* [WHAT YOU ARE ASKED TO DO]: Reproduce exactly the lines of the material beneath, from the line that contains "Zapatilla Star Mano Hamsa" to the line that contains "Realme 14X 5G Realme C75 Нано силиконов гръб", both included, and no other lines.

* [AVAILABLE RECORDS]:
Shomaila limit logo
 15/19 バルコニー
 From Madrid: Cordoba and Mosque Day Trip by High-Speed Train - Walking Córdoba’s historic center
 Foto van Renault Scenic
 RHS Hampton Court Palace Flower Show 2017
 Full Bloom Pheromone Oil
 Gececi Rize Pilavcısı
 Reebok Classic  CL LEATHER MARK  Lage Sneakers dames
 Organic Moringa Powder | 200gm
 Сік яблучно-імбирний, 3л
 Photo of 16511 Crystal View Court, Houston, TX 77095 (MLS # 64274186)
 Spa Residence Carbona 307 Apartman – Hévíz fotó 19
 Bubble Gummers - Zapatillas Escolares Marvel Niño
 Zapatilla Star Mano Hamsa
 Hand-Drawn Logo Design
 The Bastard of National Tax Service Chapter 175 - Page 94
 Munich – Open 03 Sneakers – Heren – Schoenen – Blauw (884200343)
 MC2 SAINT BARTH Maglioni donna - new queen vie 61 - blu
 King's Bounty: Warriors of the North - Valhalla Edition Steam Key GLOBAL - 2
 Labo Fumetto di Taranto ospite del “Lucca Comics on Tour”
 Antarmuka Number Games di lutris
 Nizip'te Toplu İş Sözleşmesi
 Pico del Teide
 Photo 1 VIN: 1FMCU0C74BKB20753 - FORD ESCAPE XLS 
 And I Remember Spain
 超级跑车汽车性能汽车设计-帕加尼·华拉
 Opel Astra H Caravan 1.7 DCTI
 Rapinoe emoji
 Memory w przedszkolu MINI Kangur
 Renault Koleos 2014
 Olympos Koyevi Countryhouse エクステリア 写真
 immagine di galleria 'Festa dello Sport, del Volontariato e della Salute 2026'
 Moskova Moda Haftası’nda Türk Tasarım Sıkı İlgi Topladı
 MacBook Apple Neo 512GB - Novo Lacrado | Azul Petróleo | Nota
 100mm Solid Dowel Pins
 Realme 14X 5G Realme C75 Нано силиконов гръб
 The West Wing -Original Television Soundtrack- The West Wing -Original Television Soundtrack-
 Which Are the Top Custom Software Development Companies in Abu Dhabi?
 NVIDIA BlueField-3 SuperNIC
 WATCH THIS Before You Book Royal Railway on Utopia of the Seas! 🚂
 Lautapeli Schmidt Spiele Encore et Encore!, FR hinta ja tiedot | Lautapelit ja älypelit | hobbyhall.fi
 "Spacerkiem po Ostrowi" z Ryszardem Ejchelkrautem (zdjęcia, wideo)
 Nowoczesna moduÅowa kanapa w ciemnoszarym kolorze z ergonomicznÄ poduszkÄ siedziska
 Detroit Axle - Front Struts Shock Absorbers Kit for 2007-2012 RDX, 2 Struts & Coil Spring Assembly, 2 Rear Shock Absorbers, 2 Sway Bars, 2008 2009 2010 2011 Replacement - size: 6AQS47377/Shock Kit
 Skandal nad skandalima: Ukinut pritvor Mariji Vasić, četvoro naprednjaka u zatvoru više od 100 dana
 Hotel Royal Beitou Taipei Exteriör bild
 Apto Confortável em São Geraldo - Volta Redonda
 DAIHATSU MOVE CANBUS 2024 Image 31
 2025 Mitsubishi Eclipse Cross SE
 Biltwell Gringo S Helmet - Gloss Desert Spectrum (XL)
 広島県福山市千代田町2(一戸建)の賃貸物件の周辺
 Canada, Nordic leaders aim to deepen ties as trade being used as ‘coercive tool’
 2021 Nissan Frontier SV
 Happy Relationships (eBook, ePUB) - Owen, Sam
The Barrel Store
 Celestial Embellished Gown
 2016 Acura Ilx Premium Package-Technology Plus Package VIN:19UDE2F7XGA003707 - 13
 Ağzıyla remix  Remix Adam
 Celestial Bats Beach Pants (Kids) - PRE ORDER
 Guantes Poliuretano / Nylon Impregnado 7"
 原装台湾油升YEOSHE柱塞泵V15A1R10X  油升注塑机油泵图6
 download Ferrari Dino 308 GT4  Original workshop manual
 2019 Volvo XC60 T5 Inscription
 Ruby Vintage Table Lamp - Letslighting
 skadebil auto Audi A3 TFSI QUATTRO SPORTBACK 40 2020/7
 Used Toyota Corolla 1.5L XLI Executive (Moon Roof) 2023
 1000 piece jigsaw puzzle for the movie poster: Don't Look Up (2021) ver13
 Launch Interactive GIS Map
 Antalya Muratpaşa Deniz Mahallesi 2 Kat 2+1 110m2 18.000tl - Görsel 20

* [ANSWER SECTION]:
 Zapatilla Star Mano Hamsa
 Hand-Drawn Logo Design
 The Bastard of National Tax Service Chapter 175 - Page 94
 Munich – Open 03 Sneakers – Heren – Schoenen – Blauw (884200343)
 MC2 SAINT BARTH Maglioni donna - new queen vie 61 - blu
 King's Bounty: Warriors of the North - Valhalla Edition Steam Key GLOBAL - 2
 Labo Fumetto di Taranto ospite del “Lucca Comics on Tour”
 Antarmuka Number Games di lutris
 Nizip'te Toplu İş Sözleşmesi
 Pico del Teide
 Photo 1 VIN: 1FMCU0C74BKB20753 - FORD ESCAPE XLS 
 And I Remember Spain
 超级跑车汽车性能汽车设计-帕加尼·华拉
 Opel Astra H Caravan 1.7 DCTI
 Rapinoe emoji
 Memory w przedszkolu MINI Kangur
 Renault Koleos 2014
 Olympos Koyevi Countryhouse エクステリア 写真
 immagine di galleria 'Festa dello Sport, del Volontariato e della Salute 2026'
 Moskova Moda Haftası’nda Türk Tasarım Sıkı İlgi Topladı
 MacBook Apple Neo 512GB - Novo Lacrado | Azul Petróleo | Nota
 100mm Solid Dowel Pins
 Realme 14X 5G Realme C75 Нано силиконов гръб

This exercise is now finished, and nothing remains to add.